Exercise objective
Omitting all images, transcribe the listing word for word.

════════

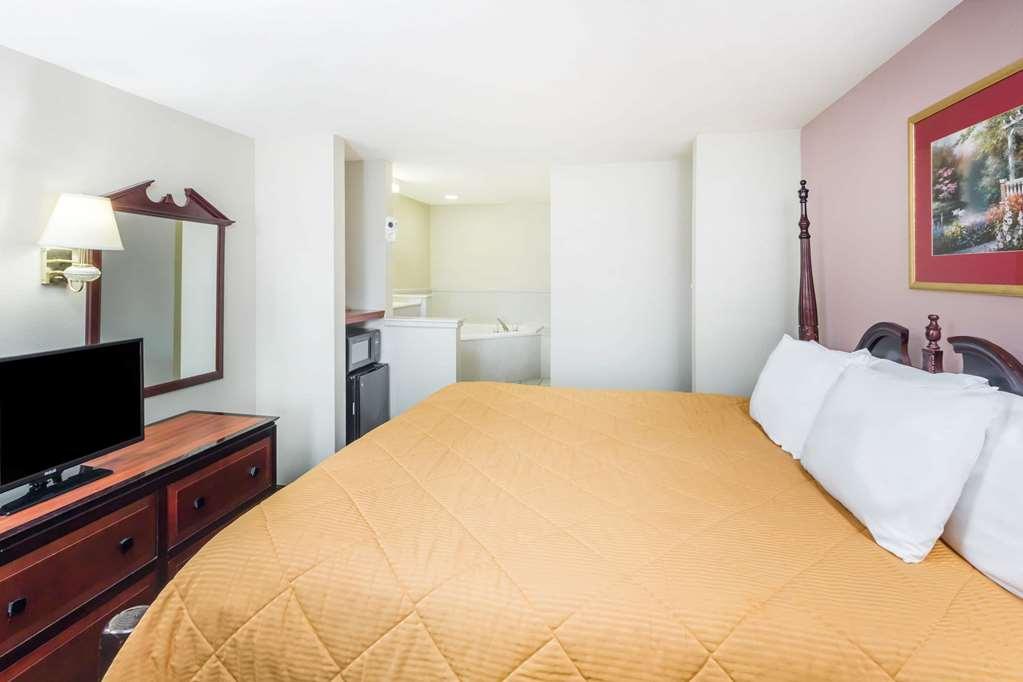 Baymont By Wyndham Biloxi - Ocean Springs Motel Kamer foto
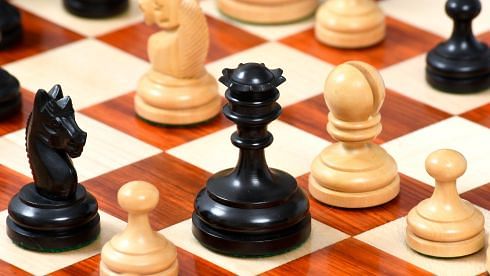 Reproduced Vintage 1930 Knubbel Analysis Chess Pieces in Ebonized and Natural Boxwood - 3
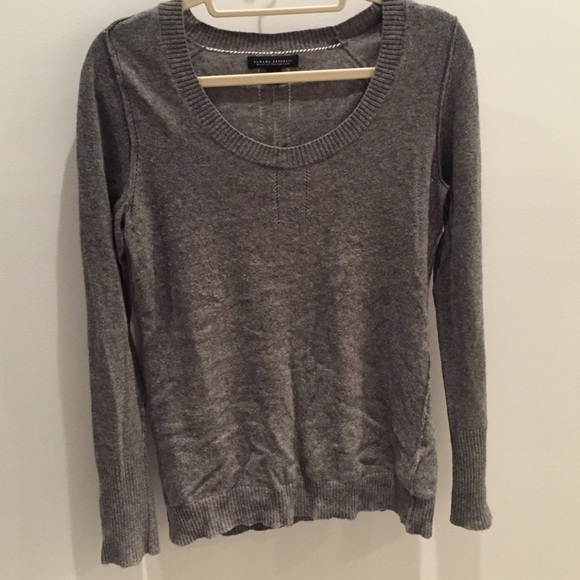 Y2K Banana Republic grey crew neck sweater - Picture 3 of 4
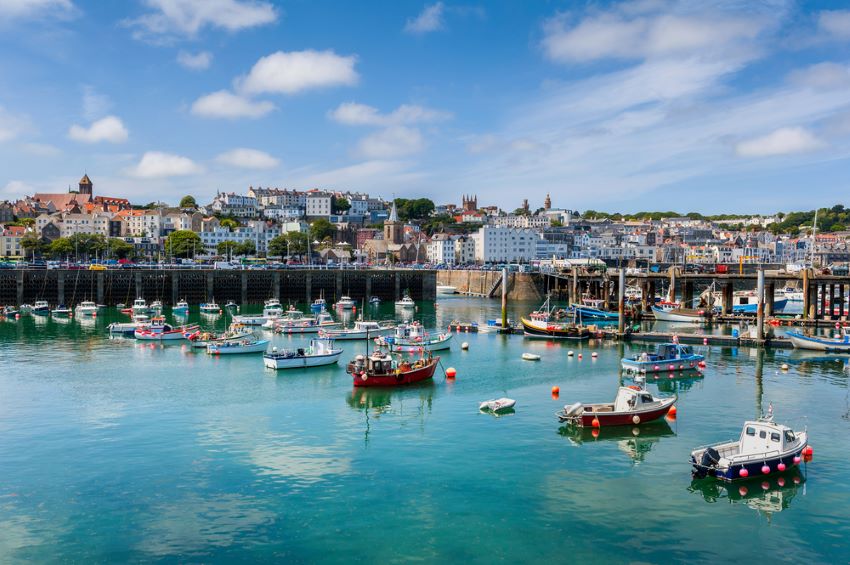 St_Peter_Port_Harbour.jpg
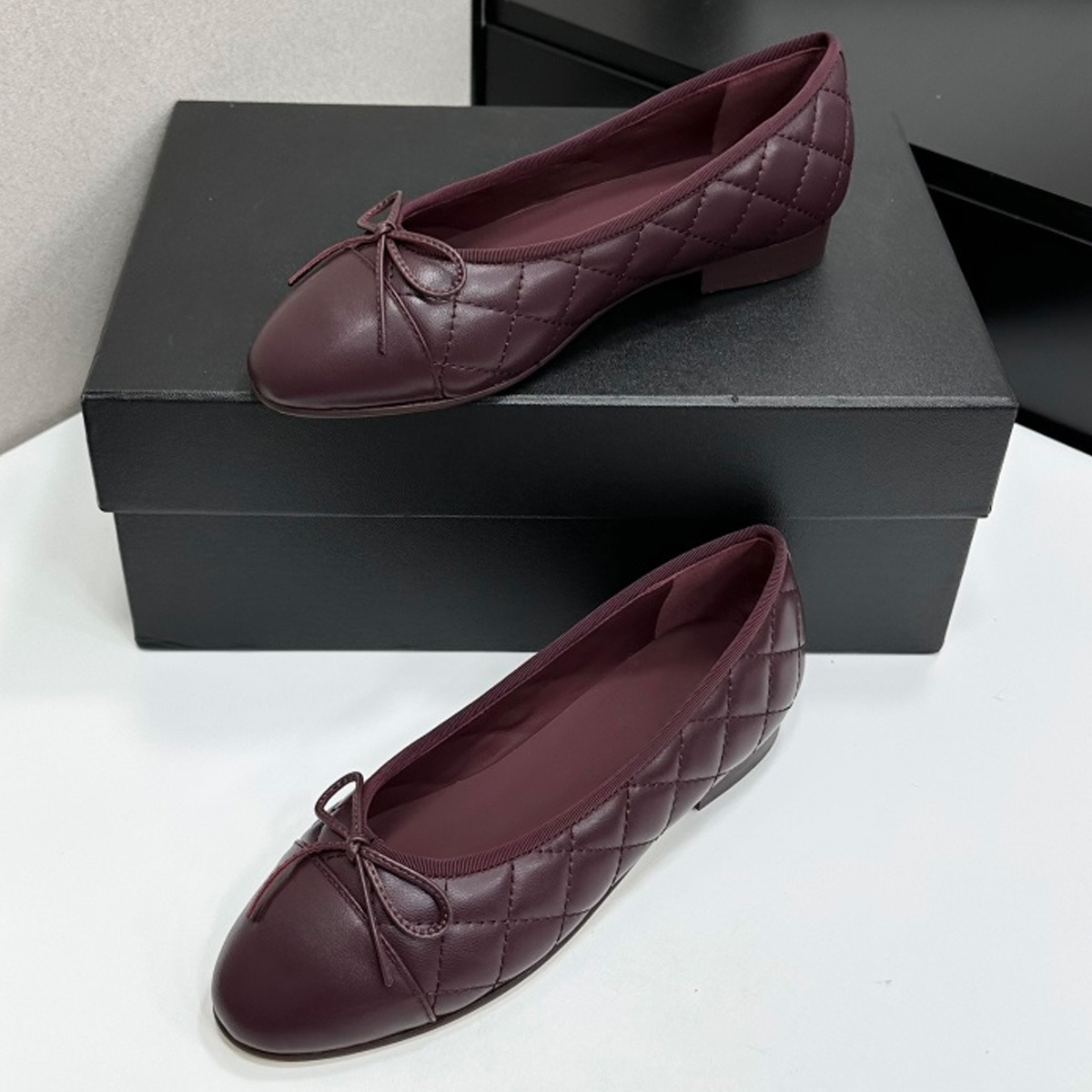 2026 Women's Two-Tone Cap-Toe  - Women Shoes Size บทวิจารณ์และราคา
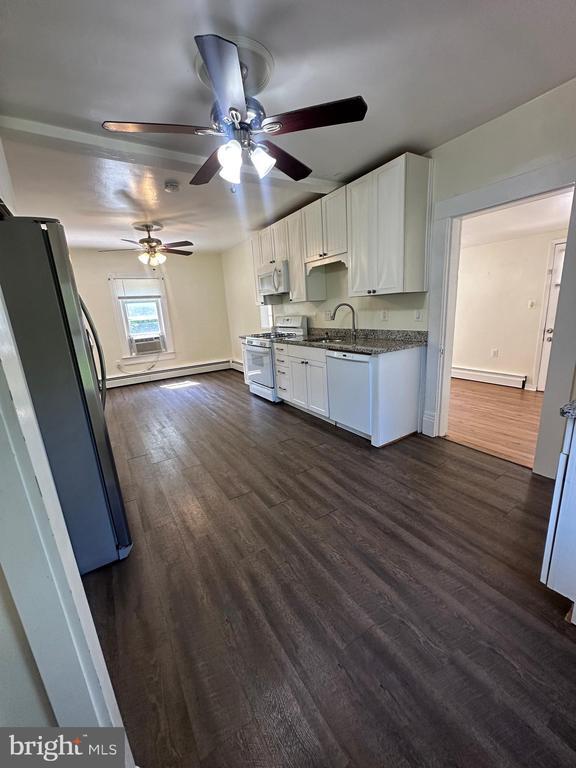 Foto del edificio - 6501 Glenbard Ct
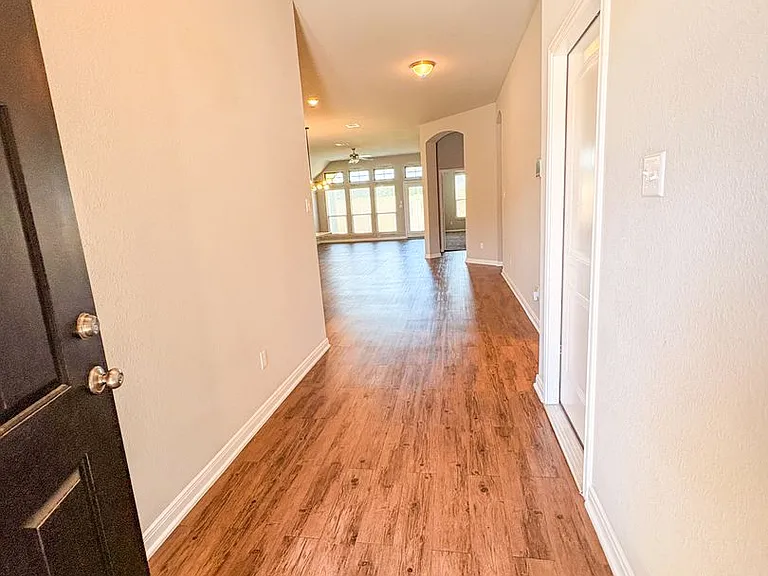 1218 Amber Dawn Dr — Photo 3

════════

Problem solution
 Baymont By Wyndham Biloxi - Ocean Springs Motel Kamer foto
 Reproduced Vintage 1930 Knubbel Analysis Chess Pieces in Ebonized and Natural Boxwood - 3
 Y2K Banana Republic grey crew neck sweater - Picture 3 of 4
 St_Peter_Port_Harbour.jpg
 2026 Women's Two-Tone Cap-Toe  - Women Shoes Size บทวิจารณ์และราคา
 Foto del edificio - 6501 Glenbard Ct
 1218 Amber Dawn Dr — Photo 3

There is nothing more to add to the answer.